社会福祉事業の用に供する固定資産については、登録免許税や不動産取得税、固定資産税が非課税となる場合があり、都道府県が発行する事業共用証明書(非課税証明書)が必要な場合がありますが、注意すべき公開情報があります。

宮崎県のホームページ上の留意事項に「職員専用駐車場に使用する土地は、非課税は証明できません。」とはっきり明記しています。

また、他県で職員用駐車場の非課税証明の申請が拒否されたというような話を、同業者団体の他県の税理士から聞いたこともあります。

現状の課税実務に於いて、職員専用駐車場は非課税でないと考えている所轄庁があることが分かります。

税額の決定プロセスについて

予備知識です。

税額の決定と聞いて、何の話かと思われる方も多いと思いますが、税額を決定する人は「我々国民(納税者)」であることもあるし「租税行政庁(課税庁)」であることもあります。

理論上の話ですが、少しだけその歴史的な背景を説明します。

大日本帝国憲法から現在の憲法に変わった時に、主権者が我々国民に変わりました。

主権者である国民は、憲法29条により財産権が侵害されないことが保証されています。しかし、租税は国民の財産権を侵害する場合がありますので、憲法30条と84条によって法律の定めによるところによってのみ課税されることが主権者である国民の権利として保証されています。

つまり、主権者である我々は、我々の(我々が選んだ人が)決めた法律によってのみしか課税されません。言い換えれば、税務当局の解釈は法令の定めの範囲内のみ許され、法律の定めにない解釈によって課税することは許されません。

「代表なければ課税なし」という言葉は、自分で納める税額を自分で決める権利を有するという意味です。これが、申告納税制度の仕組みで、所得税や消費税などは自分で申告して自分で納税額を確定できます。

皆さんも「確定申告」という言葉を聞いたことがあると思います。この「確定」は自分の税額を自分で申告して自分で確定させるという意味です。

それに対して、大日本帝国憲法時代には賦課課税方式を採用していました。租税行政庁が納付税額を確定する方式です。

固定資産税は現在でもこの賦課課税方式を採用していて、税額の決定権は我々国民(納税者)でなく租税行政官庁にあります。したがって、理論上は、職員専用駐車場が租税行政官庁に課税だと判断されれば、納税者の見解がどうであれ、税額が確定して課税さることになります。

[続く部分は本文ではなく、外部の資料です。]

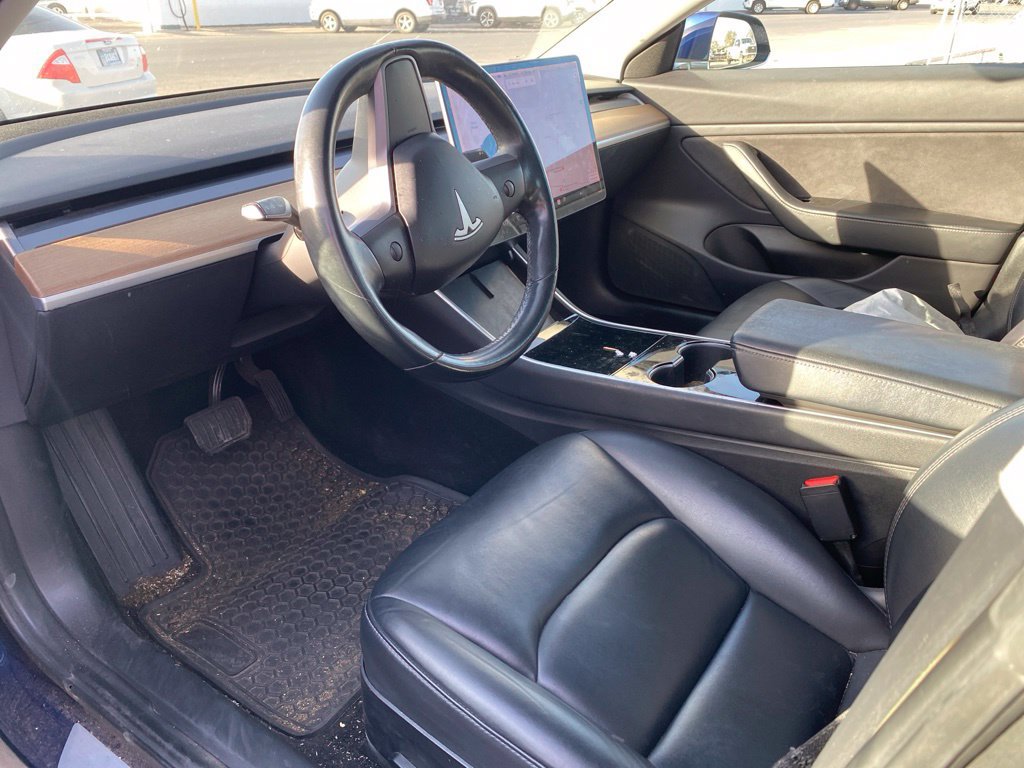 Used 2018 Tesla Model 3 Mid Range RWD image 6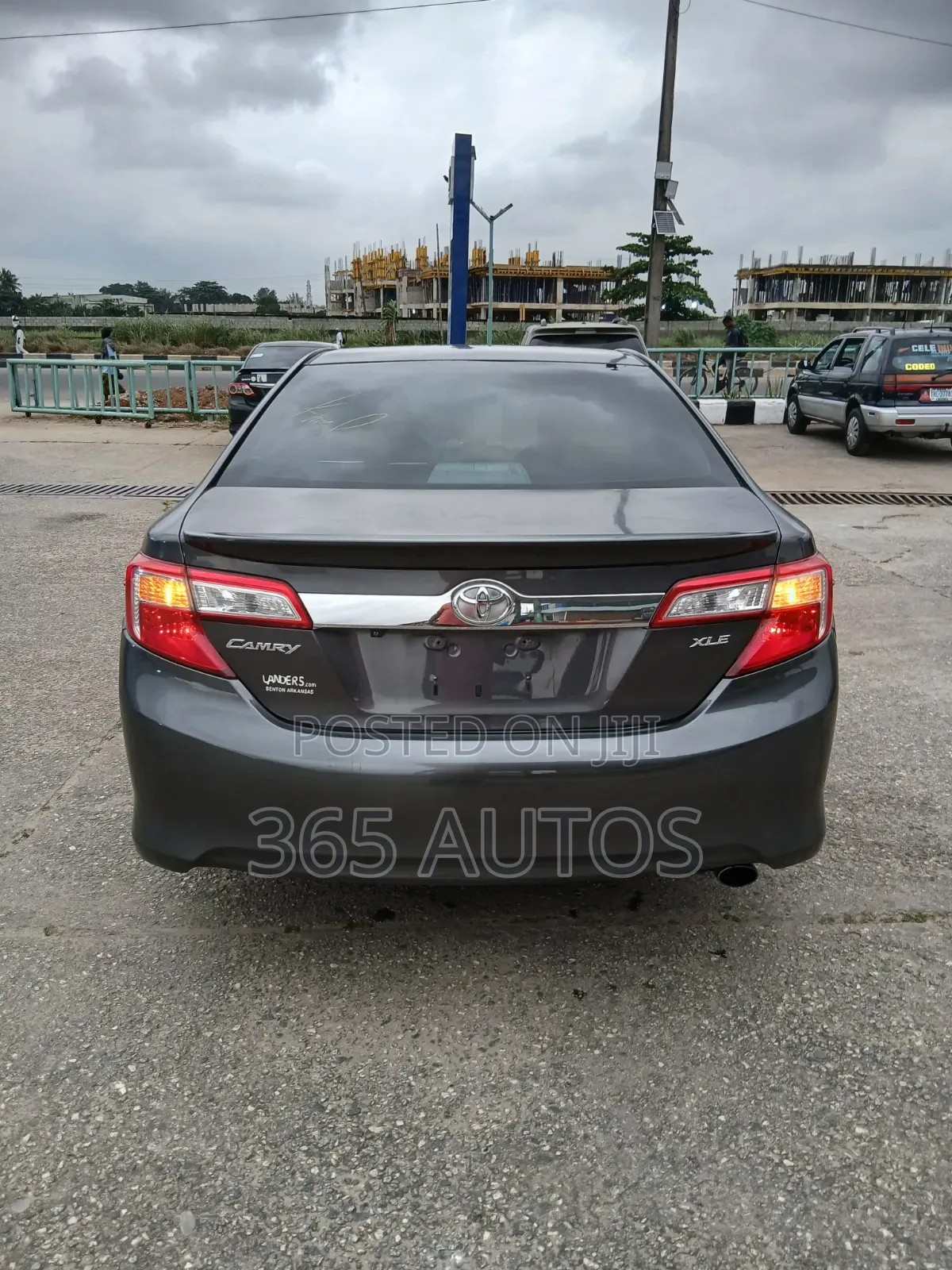 Toyota Camry XLE 4dr Sedan (2.5L 4cyl 6A) 2012 Gray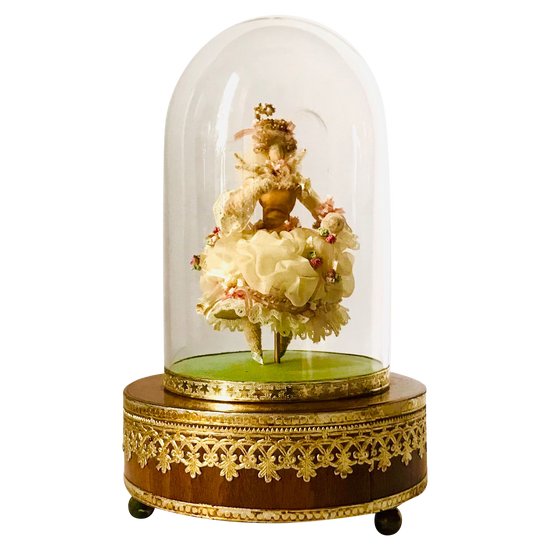 Musical automaton dancer Louis XV by Marthe Philippart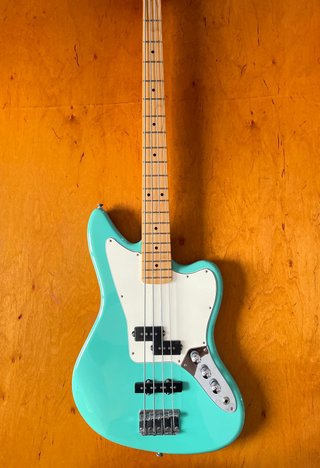 Fender Jaguar Bass Seafoam Green Edición Limitada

実務上は納税者が提出したデーターに基づいて課税庁が税額を確定しますので、同じように見えますが、法律上の意味合いは異なることになります。

条文解釈

復習論点です。

過去記事:社会福祉法人の固定資産税はどこまで免除されるの?|立花淳一税理士事務所

非課税の根拠条文は、「固定資産税は次に掲げる固定資産については課すことができない。」と記載のある地方税法の348条です。

課税できない固定資産の書き方は3つあり、社会福祉法人の資産は(3)であることは以前の記事に書きました。

(1)   直接△△の用に供する固定資産

(2)   もっぱら△△の用に供する固定資産

(3)   △△の用に供する固定資産

定められた社会福祉事業の用に供していれば良く、直接でなくても、もっぱらでなくても非課税でよいと文理解釈できます。

ケーススタディー

こんな時はどうなるのだろう?という一例です。

ケース1

社会福祉事業と公益事業を別の場所で行い、それぞれ職員専用の駐車場と利用者用駐車場を有していた場合は、公益事業の駐車場は非課税の理由がありませんので課税されます。問題になるのは社会福祉事業施設の駐車場です。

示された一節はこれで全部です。